As I try to integrate myself into my new country, the Netherlands, I am starting to become more and more frugal. So first, it should not cost me a single penny. Jokes aside, it is difficult from the customer’s point of view to see the difference between a good and a bad password manager as the whole encryption is usually done on the back-end, keeping the user in the dark. This leads me to my second wish: I want to have full control over the cryptography; two reasons for that: I want to learn how cryptography works, and I want to trust the encryption. My third wish is seamless terminal integration, to get rid of hard-coded passwords in my shell scripts. Finally, I want a password manager that works offline and syncs on all my devices.

After searching on the internet, I settled on pass, the UNIX standard password manager that fulfilled all my requirements. Now, I just had to make it happen. So I gathered my courage, a cup of tea, and a bar of chocolate and started configuring.

Overview of the solution

Pass follows the UNIX philosophy, and as a consequence, it is designed to interact with other free software to offer as much flexibility as possible.
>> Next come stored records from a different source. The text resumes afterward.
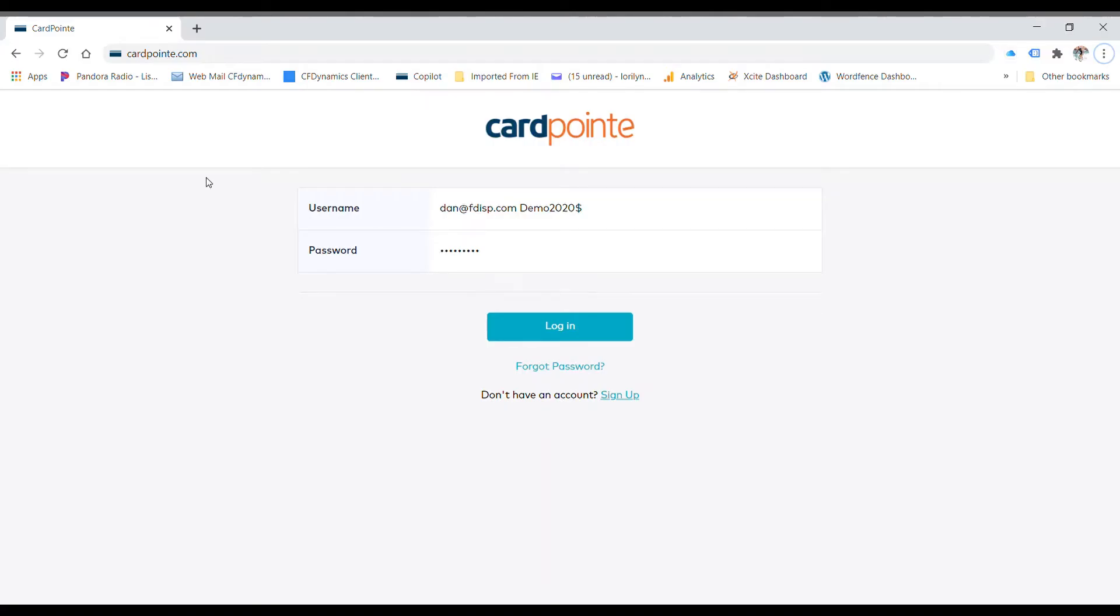Today, again, I'm going to show you how to do a recurring transaction in CardPoint. First is logging in.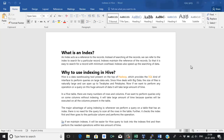In RDBMS we have indexes. When we talk about SQL Server, we have cluster index, non-cluster index, filter index, and similarly we have a few indexes in Oracle or any other database like DB2 and Sybase.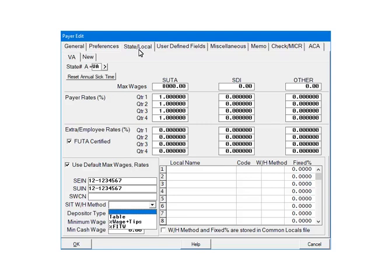The percentage of wages plus tips option calculates the state withholding based on the taxable wages plus tips. The last option, percentage of federal income tax withholding, calculates the state withholding as a percentage of federal withholding. For the purposes of this tutorial, we are going to select Table.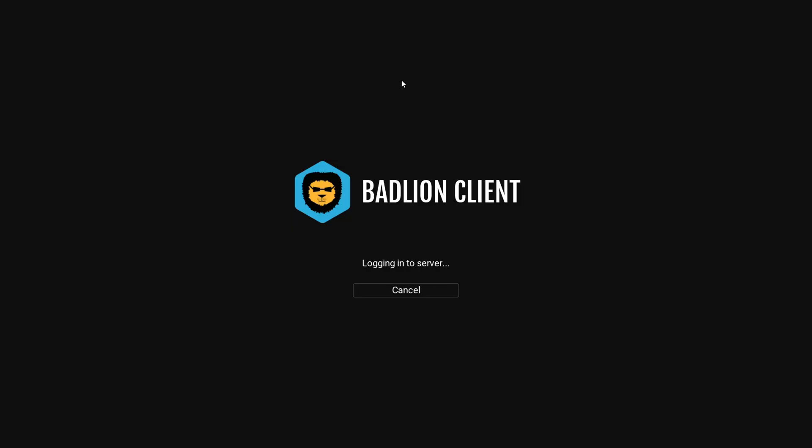But if you're ever trying to log into a server, my example is Hypixel, and it just says logging into server. And after a certain amount of time, it says this.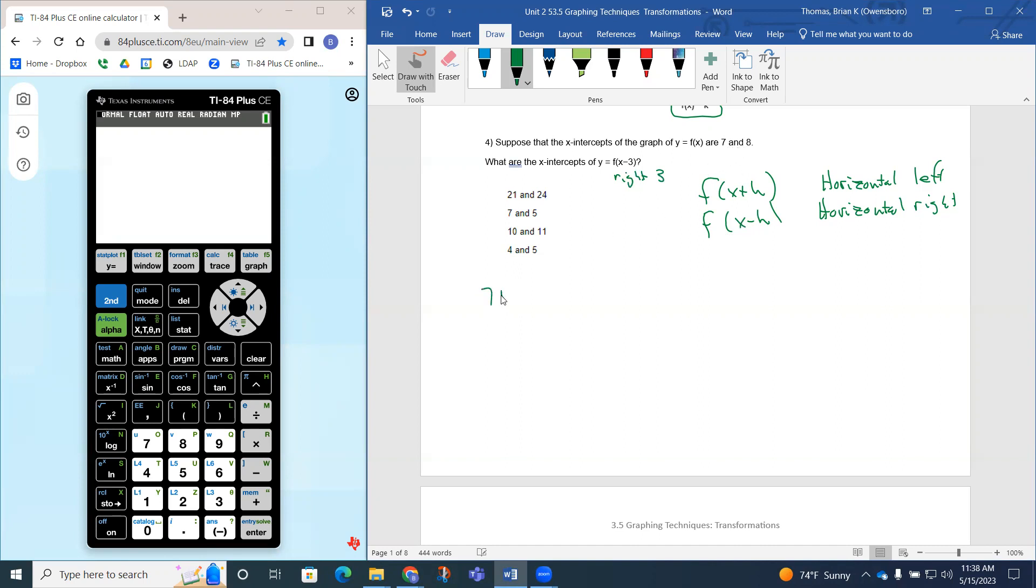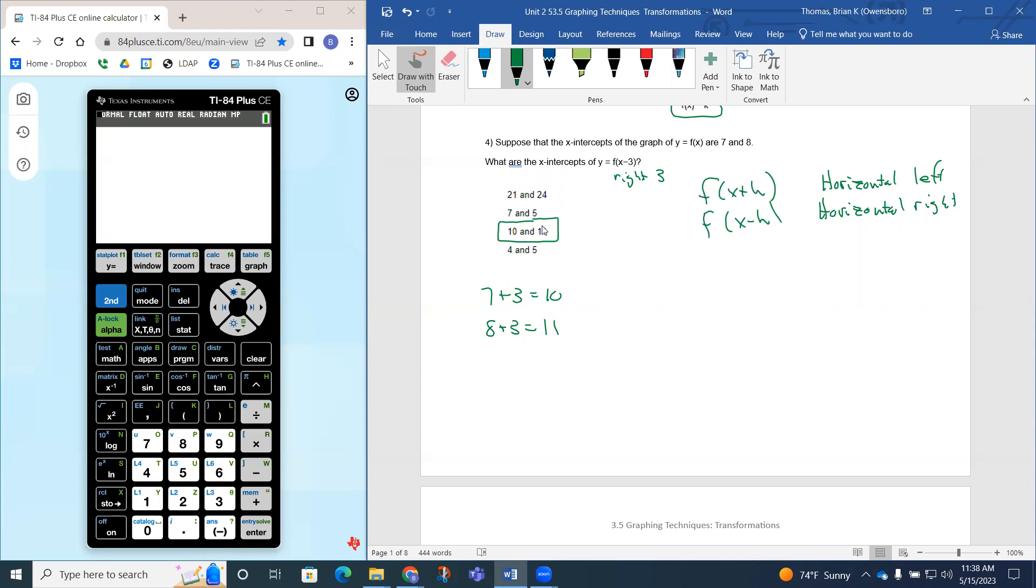So 7 plus 3 is going to be 10. 8 plus 3 is going to be 11. So my new x-intercepts should be 10 and 11 because they have to all shift to the right as well.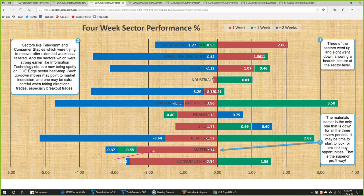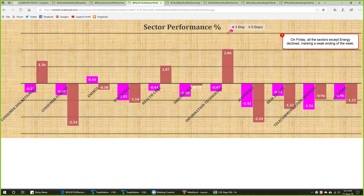Materials is a sector that is now down for all three review periods for a month. Others may be bearish now; however, this is the time when QTraders start to look for low risk buy opportunities — that is the Superior Profit way. Later on, we will try to find some low risk buy opportunity in the materials sector. For the week, we had three sectors up: information technology, consumer discretionary, and healthcare. However, on Friday the market was clearly bearish — all sectors went down except energy. Energy went up, probably fueled by oil's up move. So the week ended on a bearish note, more bearish than it had been Monday to Thursday.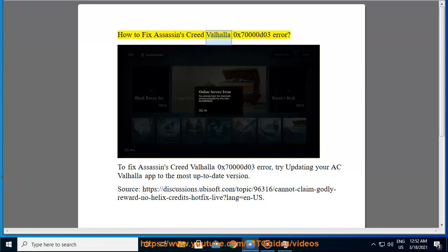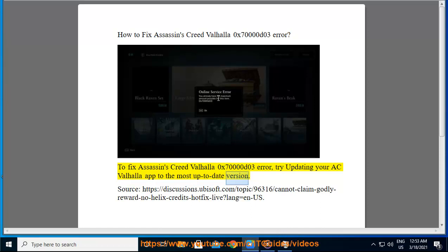How to fix Assassin's Creed Valhalla 0x70,000 D03 Error. To fix Assassin's Creed Valhalla 0x70,000 D03 Error, try updating your AC Valhalla app to the most up-to-date version.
My pipeline requires the following features:

How I set it up on my Linux machine

gpg --full-generate-key
pass init EMAIL-ADDRESS-GPG-KEY
pass git init; pass git remote add origin REPO-URL
pass edit -c PASSWORD-NAME # create password
pass generate -c PASSWORD-NAME # generate password
pass git push -u origin main # or master if you did not make the switch

Setting up on your Android device

My setup might not be the easiest as it involves using the terminal on your phone; an android application is also available: Android-Password-Store

This part of the installation assumes that you have already set up a Linux PC reachable via ssh that is on the same network as the Android device you want to set up.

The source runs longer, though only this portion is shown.